Seeing Xavi’s reaction afterwards, it showed to me that there’s a lack of communication and that someone is lying. Something similar has happened with Messi – we’re not used to Messi speaking out on social media in such a manner. Usually he’s very quiet, so clearly he must be very upset.

If you look at Abidal’s place in all this, I’m sure the club will be looking ahead to the next transfer window and looking at his responsibility for it. Barca lost to Athletic in the Copa Del Rey on Thursday night and you look at the reaction of Jordi Alba after the game in light of what happened between Abidal and Messi and you think, “come on, this is Barcelona”.

Why on earth has a small story suddenly become one of the biggest stories surrounding the club? I was surprised by the reaction in the media about the whole thing, but if that can happen it shows me there are bigger problems in the club.

And you can see that on the pitch – I’ve watched them recently and I’ve been bored. It’s slow, they’re weak defensively and lack creativity.

Premier League would not be a good next move for Messi

Messi is not Cristiano Ronaldo. Physically he’s not the same machine. Ronaldo is a monster, but at 32 Messi has only one or two more years playing at the highest level. Even playing alongside great players at Barca, he won’t have the same pace or the dribbling ability. I’m sure he knows the end is not far away.

Honestly, I don’t think he’s suited to the intensity of England. He doesn’t like being closed down and being fought – in Spain he’s protected. It would be a pleasure for English fans to see him there but I don’t see why a club like Man City, for example, would move for Messi at 32 or 33. If City wanted to buy him, they should have tried to do it a couple of years ago.

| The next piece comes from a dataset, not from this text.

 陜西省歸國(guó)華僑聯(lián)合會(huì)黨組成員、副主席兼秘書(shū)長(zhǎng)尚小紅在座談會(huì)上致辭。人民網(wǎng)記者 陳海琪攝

Messi has won so many trophies and when I look back on Barca’s team from 10 years ago it’s clear now the club was at its peak. Those players wrote their own legends in that period.

It’s normal that after you reach that level you realise there’s nothing else above it, and the only way is down. You can’t stay at the top forever. If you look at the players they’ve bought since then, you can see they haven’t had the financial might to compete against the biggest powers in the transfer market.

They’re one of the biggest clubs but financially they’ve been a bit of a nightmare recently. Now they have to sell before they buy and these days if they want to bring in the world’s best players it costs them €80m or more.

Meanwhile at Arsenal

When Mikel Arteta took over at Arsenal, the team was sick. Sick on the pitch and in the dressing room. They were losing shape and blindly going nowhere. They were weak.

Now, after several weeks of the Arteta regime I’ve seen different things happening in terms of intensity, togetherness and work rate off the ball. The mentality is different and some players are getting back to form, like Granit Xhaka. I’m very pleased with how he has played and the mentality he has shown.

Mesut Ozil has looked better on occasion and I’m happy with what I see from Lucas Torreira. The players seem to be getting the message from Arteta and I think it’s clear what he wants from them on and off the pitch in terms of discipline and commitment. It looks like they’re following the rules he sets out on the training pitch.

They haven’t been winning as many games as they’d like but they also haven’t been losing. More goals are needed if they want to win, which is the major problem. The first priority when Arteta took over was to stop the team conceding stupid goals, and he has done that. But in the meantime they’re suffering a bit up front – I think if they keep playing like this that, sooner or later, they’re going to win games.